*Problem requirements*. Transcribe exactly the entries from the "BMW Seria 3 320d Aut. Modern Line - 22" line to the end, both included, minus pictures.
▽
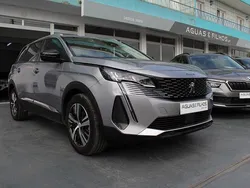 Cinza Usado 2023 Peugeot 5008 Allure Monovolume | € 29.990 (Preço justo)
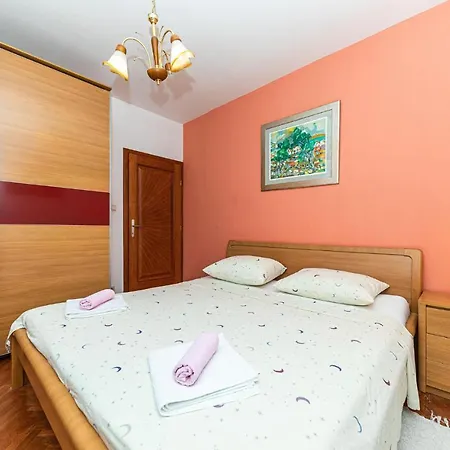 Apartament 2 Bedroom Gorgeous In *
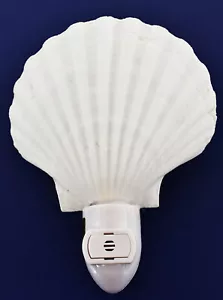 Real Seashell Night Light Scallop Shell Decorative Beach Decor 4" LED & Sensor - Picture 1 of 3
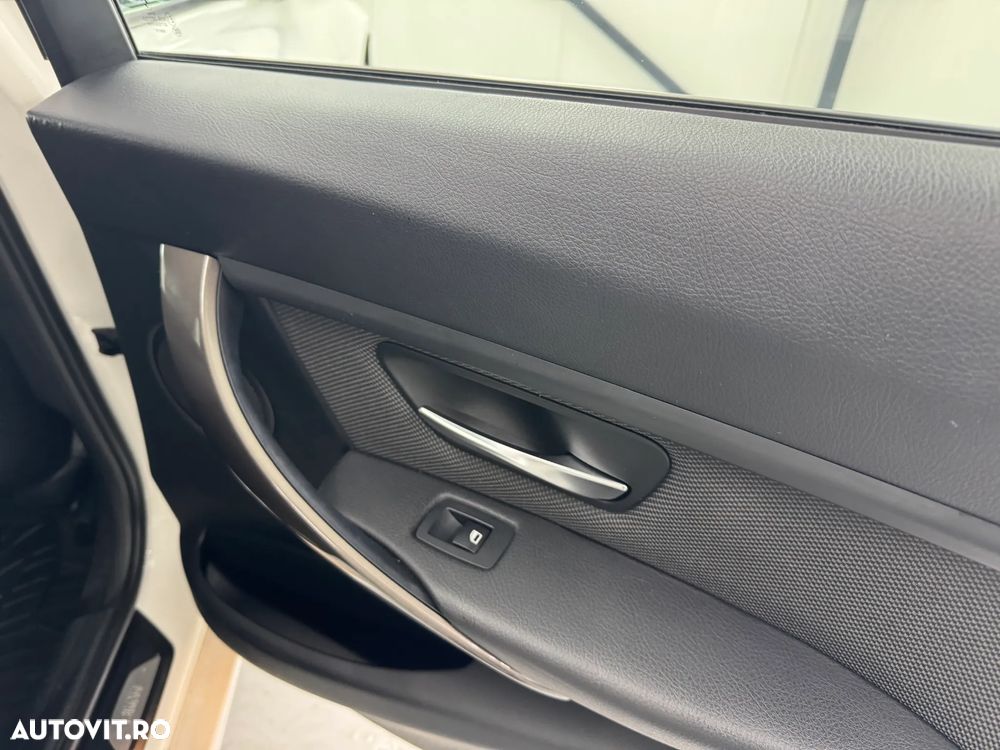 BMW Seria 3 320d Aut. Modern Line - 22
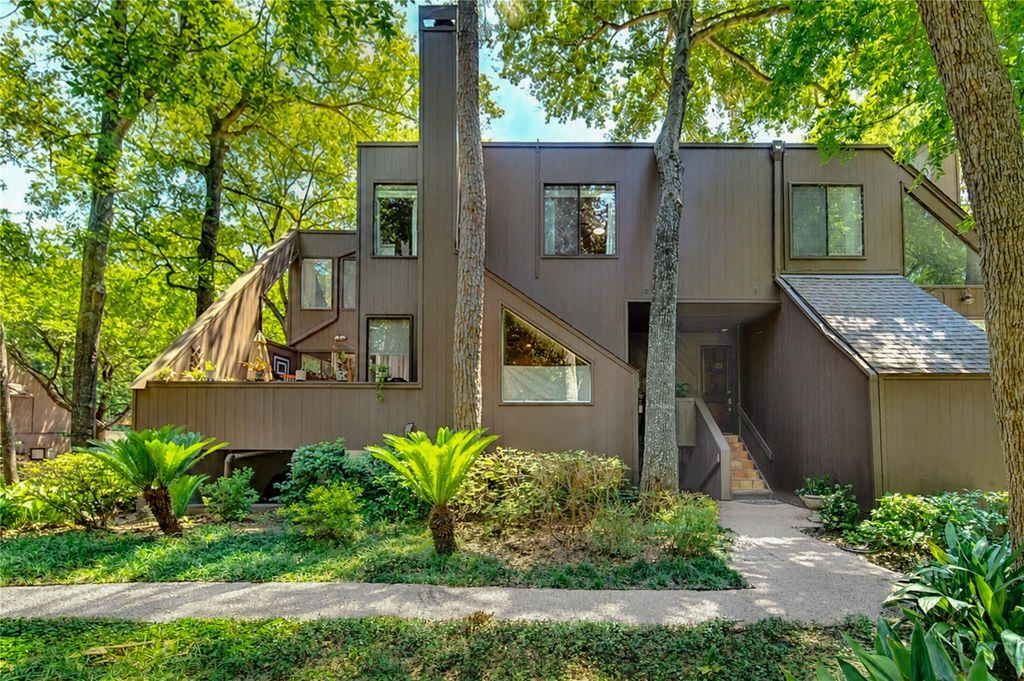 239 Litchfield Lane, Houston, TX 77024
△
*Task result*.
 BMW Seria 3 320d Aut. Modern Line - 22
 239 Litchfield Lane, Houston, TX 77024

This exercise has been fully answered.